* [Try it] At the line containing "Kendel White, Founder/President, K&D", begin an exact copy, and continue through the last line of the entries below. Leave out any pictures.

>>>>>

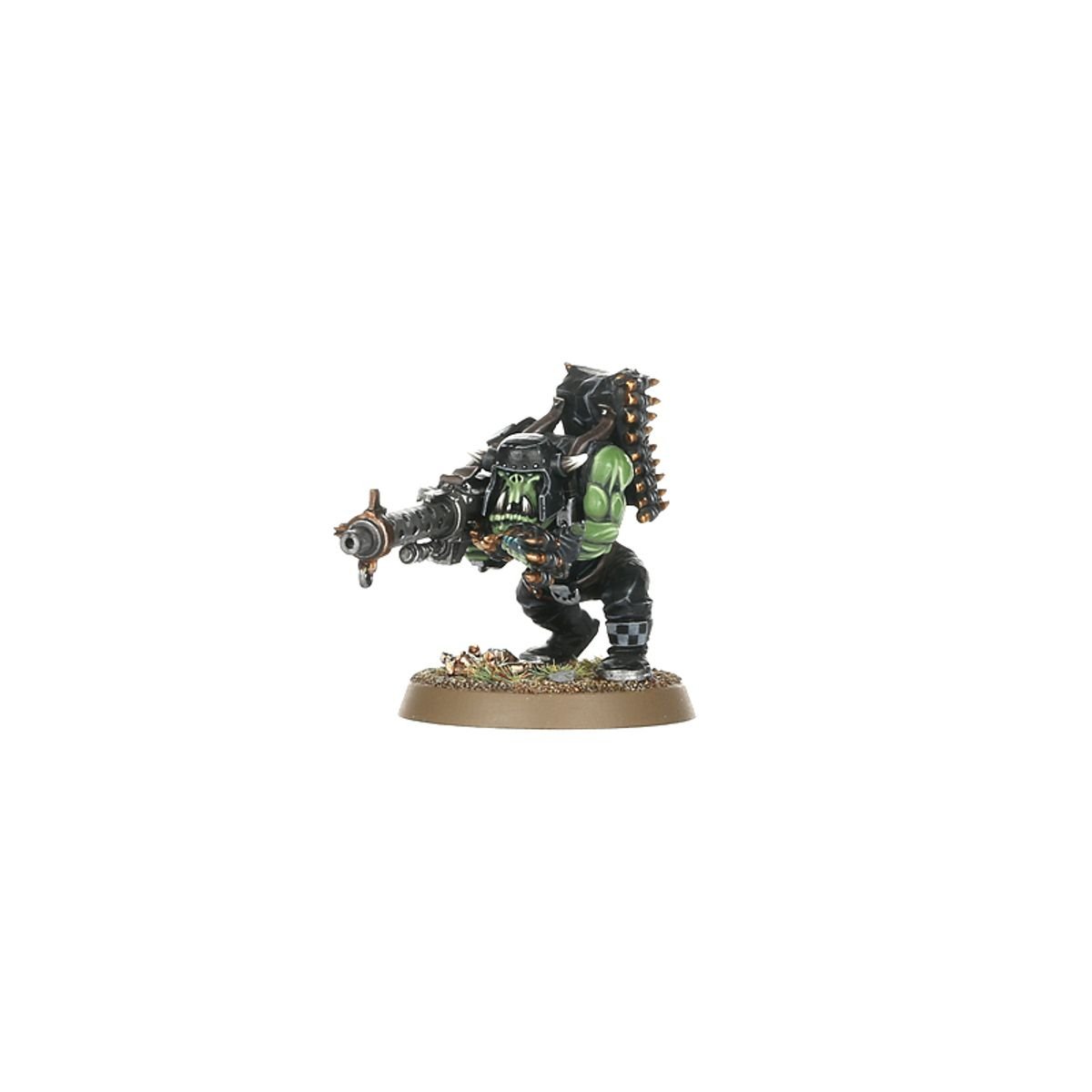 Orks: Ork Boyz (Warhammer 40,000 | 50 - 10) - GameStore.mt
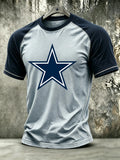 Men's Football   Short-Sleeve T-Shirt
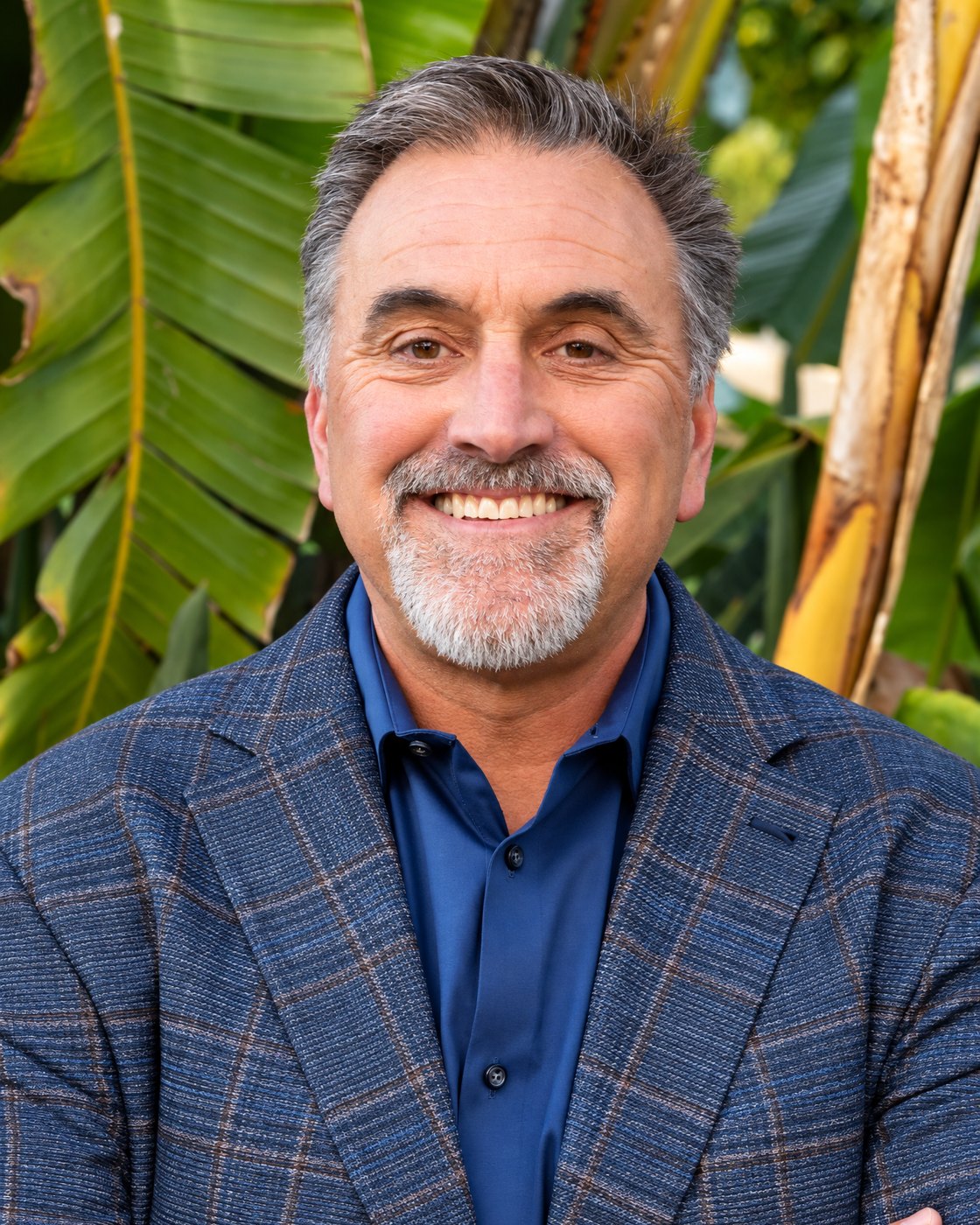 Kendel White, Founder/President, K&D Landscaping
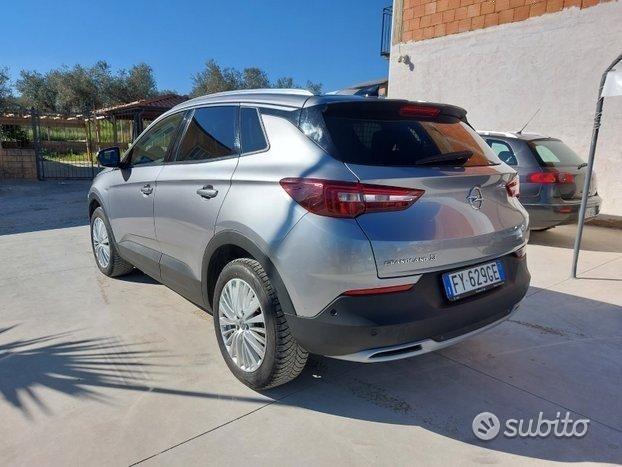 Opel grandland x iva deducibile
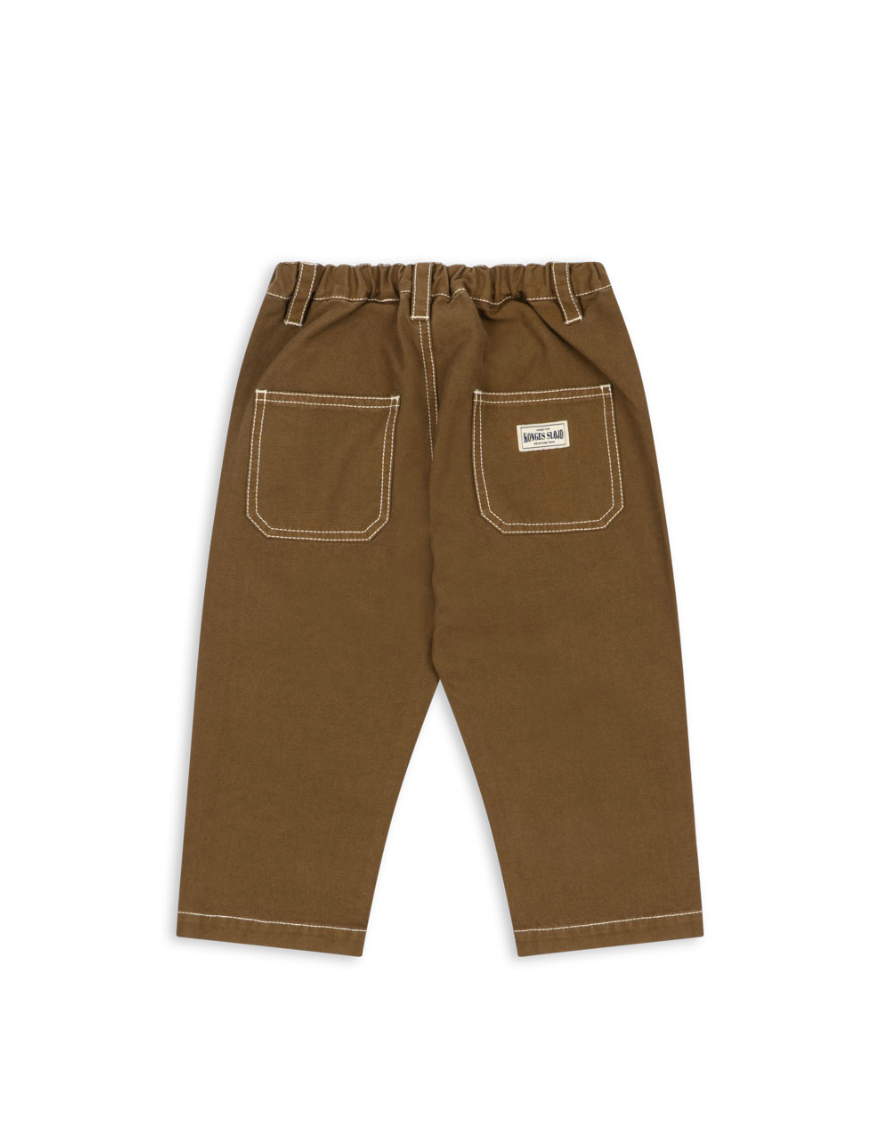 Konges Sløjd Rida Pants Gots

<<<<<

* [Written solution]
 Kendel White, Founder/President, K&D Landscaping
 Opel grandland x iva deducibile
 Konges Sløjd Rida Pants Gots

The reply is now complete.